— TO DO —
Write out exactly the lines below from the one containing "Terminal Grain TRGX1085" to the last, both ends kept, and nothing more; skip all pictures.

— DATA BLOCK —
== Segment start ==
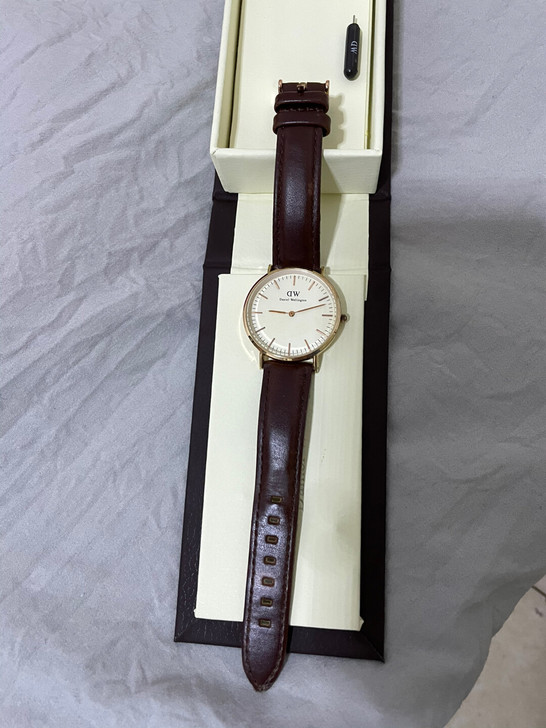 DW手表，礼盒装的，低价出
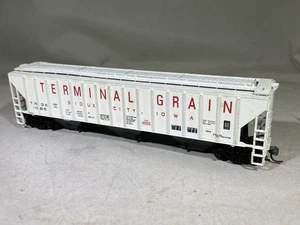 Terminal Grain TRGX1085 HO Scale 3 Bay Centerflow Covered Hopper Sioux City Iowa - Picture 1 of 11
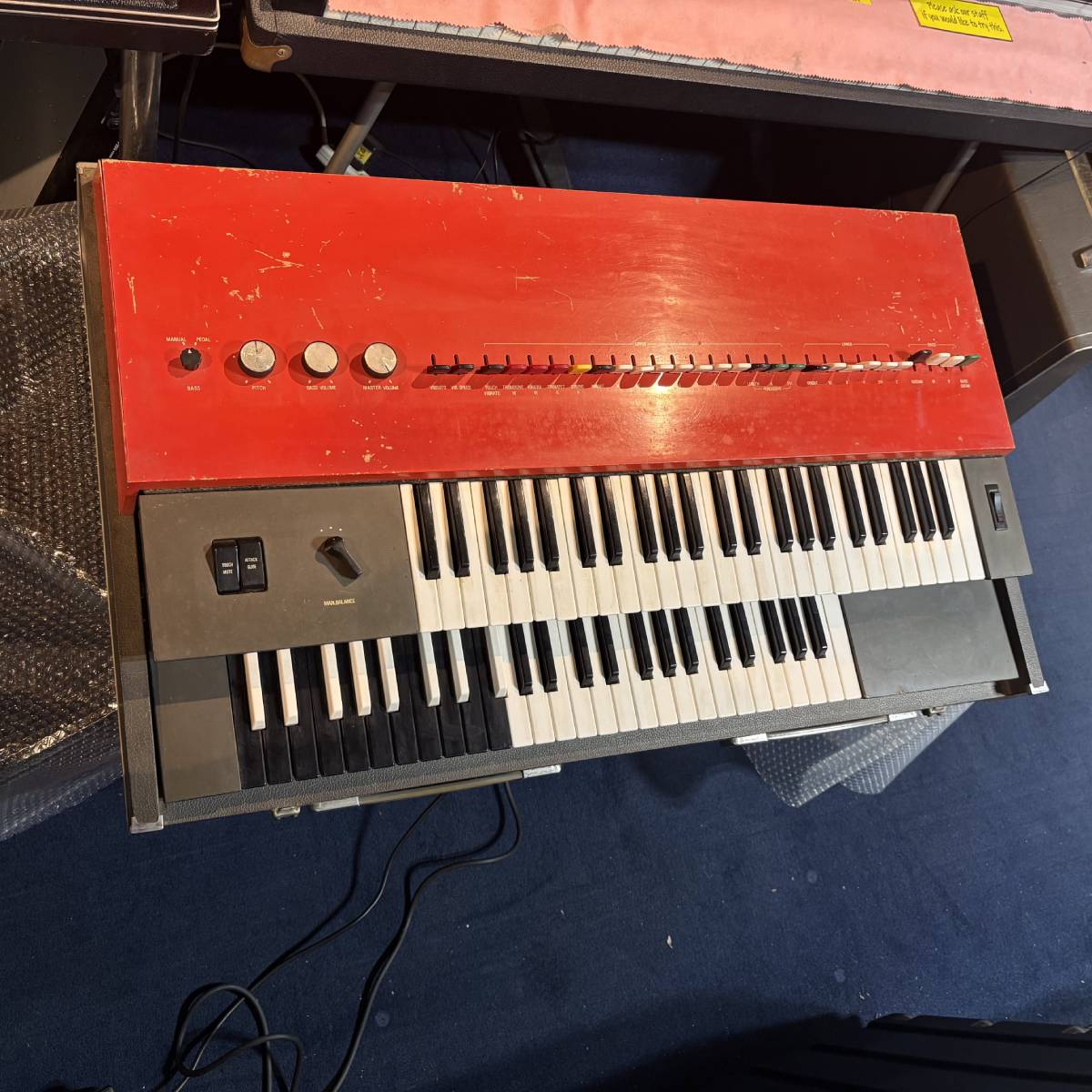 YAMAHA　オルガン　アンティーク　送料込価格 アンティーク YAMAHA 古いオルガン 鍵盤楽器 | MANSIKKA antiques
== Segment end ==
— EXERCISE OUTPUT —
 Terminal Grain TRGX1085 HO Scale 3 Bay Centerflow Covered Hopper Sioux City Iowa - Picture 1 of 11
 YAMAHA　オルガン　アンティーク　送料込価格 アンティーク YAMAHA 古いオルガン 鍵盤楽器 | MANSIKKA antiques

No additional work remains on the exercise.